WORK TO BE COMPLETED: Your answer must consist solely of the lines from the start of the entries below through the line with "Mr. Mcgregor'S Garden", unchanged.

*** Opening DATA FOR THIS TASK ***

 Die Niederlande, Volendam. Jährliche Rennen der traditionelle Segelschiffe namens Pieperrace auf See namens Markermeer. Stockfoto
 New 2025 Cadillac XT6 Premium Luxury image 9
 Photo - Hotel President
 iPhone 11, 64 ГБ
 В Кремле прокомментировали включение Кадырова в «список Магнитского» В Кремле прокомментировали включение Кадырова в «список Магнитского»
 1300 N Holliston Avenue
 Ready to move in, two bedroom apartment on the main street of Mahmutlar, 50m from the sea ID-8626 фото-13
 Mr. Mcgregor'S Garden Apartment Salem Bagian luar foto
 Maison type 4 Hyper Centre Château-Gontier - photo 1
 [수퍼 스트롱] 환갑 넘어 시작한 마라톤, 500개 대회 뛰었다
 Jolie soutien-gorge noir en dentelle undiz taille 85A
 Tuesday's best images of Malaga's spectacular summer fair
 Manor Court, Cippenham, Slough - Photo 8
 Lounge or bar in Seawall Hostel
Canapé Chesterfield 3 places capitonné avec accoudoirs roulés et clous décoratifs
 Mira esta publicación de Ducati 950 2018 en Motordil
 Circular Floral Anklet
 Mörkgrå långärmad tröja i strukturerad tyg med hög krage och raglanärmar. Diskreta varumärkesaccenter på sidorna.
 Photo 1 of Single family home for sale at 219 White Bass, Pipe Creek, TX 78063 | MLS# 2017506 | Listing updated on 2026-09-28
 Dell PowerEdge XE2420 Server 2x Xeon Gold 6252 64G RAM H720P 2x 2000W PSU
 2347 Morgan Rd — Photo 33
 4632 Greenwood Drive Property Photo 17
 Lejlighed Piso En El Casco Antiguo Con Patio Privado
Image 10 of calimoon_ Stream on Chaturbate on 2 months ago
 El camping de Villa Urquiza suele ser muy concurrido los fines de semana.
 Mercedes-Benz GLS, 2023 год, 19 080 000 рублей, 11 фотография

*** Closing DATA FOR THIS TASK ***

WRITTEN REPLY:
 Die Niederlande, Volendam. Jährliche Rennen der traditionelle Segelschiffe namens Pieperrace auf See namens Markermeer. Stockfoto
 New 2025 Cadillac XT6 Premium Luxury image 9
 Photo - Hotel President
 iPhone 11, 64 ГБ
 В Кремле прокомментировали включение Кадырова в «список Магнитского» В Кремле прокомментировали включение Кадырова в «список Магнитского»
 1300 N Holliston Avenue
 Ready to move in, two bedroom apartment on the main street of Mahmutlar, 50m from the sea ID-8626 фото-13
 Mr. Mcgregor'S Garden Apartment Salem Bagian luar foto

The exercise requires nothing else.